I want to address a controversy that has gripped the Rust community for the past year or so: the choice by the prominent async “runtimes” to default to multi-threaded executors that perform work-stealing to balance work dynamically among their many tasks. Some Rust users are unhappy with this decision, so unhappy that they use language I would characterize as melodramatic.
[…]What these people advocate instead is an alternative architecture that they call “thread-per-core.” They promise that this architecture will be simultaneously more performant and easier to implement.
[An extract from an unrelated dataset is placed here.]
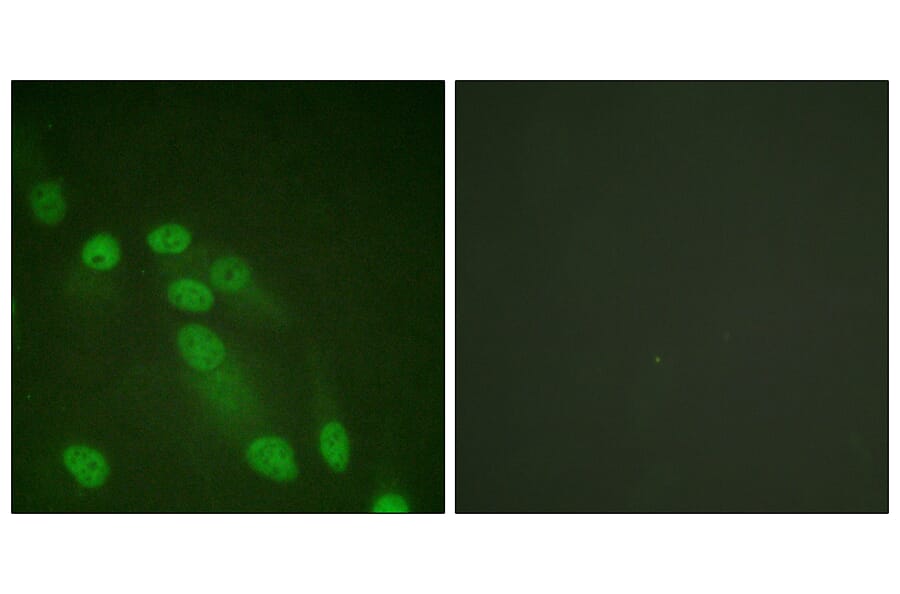 Immunofluorescence - Anti-NF-kappaB p65 Antibody (D0038) - Antibodies.com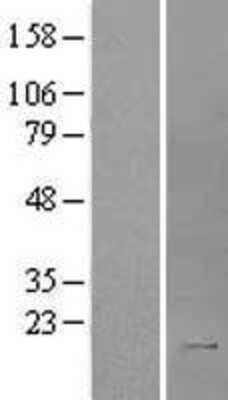 Western Blot: IL-2 Overexpression Lysate [NBL1-11937]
In my view, the truth is that it may be one or the other, but not both.
A very academic discussion.
This is the same discussion that happens in other languages like Swift or C#, and the one we recently had about kernel fibers in different operating systems:
https://www.osnews.com/story/137300/sunos-multi-thread-architecture/#comment-10433232
And, yes the good async design can be more performant and easier at the same time. It might not be easier to learn, or implement a program. But it would be much more easier to be correct and would prevent multi-threading issues like deadlocks, dependency inversions, race conditions, and so on.
Basically a thread is usually the wrong abstraction for a unit of work. It is a unit of execution instead.
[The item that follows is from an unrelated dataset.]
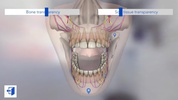 Dental Simulator screenshot 4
Meaning, I might have a long running task to respond to an HTTP request, and return a data from the disk. This has many disconnected pieces that will wait on I/O, and if we are using modern apis, like “zero-copy”, almost no CPU time compared to the total execution “wall time”.
Hence one thread = one client is precisely the wrong abstraction here (or by extension one process/fork = one client in older apache httpd).
Instead, each tread should always be scheduled some task all the time. Which mean, an async task pool, and a robust way to weave those fibers onto the thread. (Hence the discussion here).
(One reasonable use for direct multi-threading is CPU intensive compute tasks, where we want 100% load on one or more cores for the entire duration. Something like compression/encoding/machine learning/etc).
I remember that in Linux originally POSIX threads were user space so IBM developed a library with a n:m design (some threads in kernel space and some in user space like FreeBSD) but the current design, with all threads in kernel space was more performant.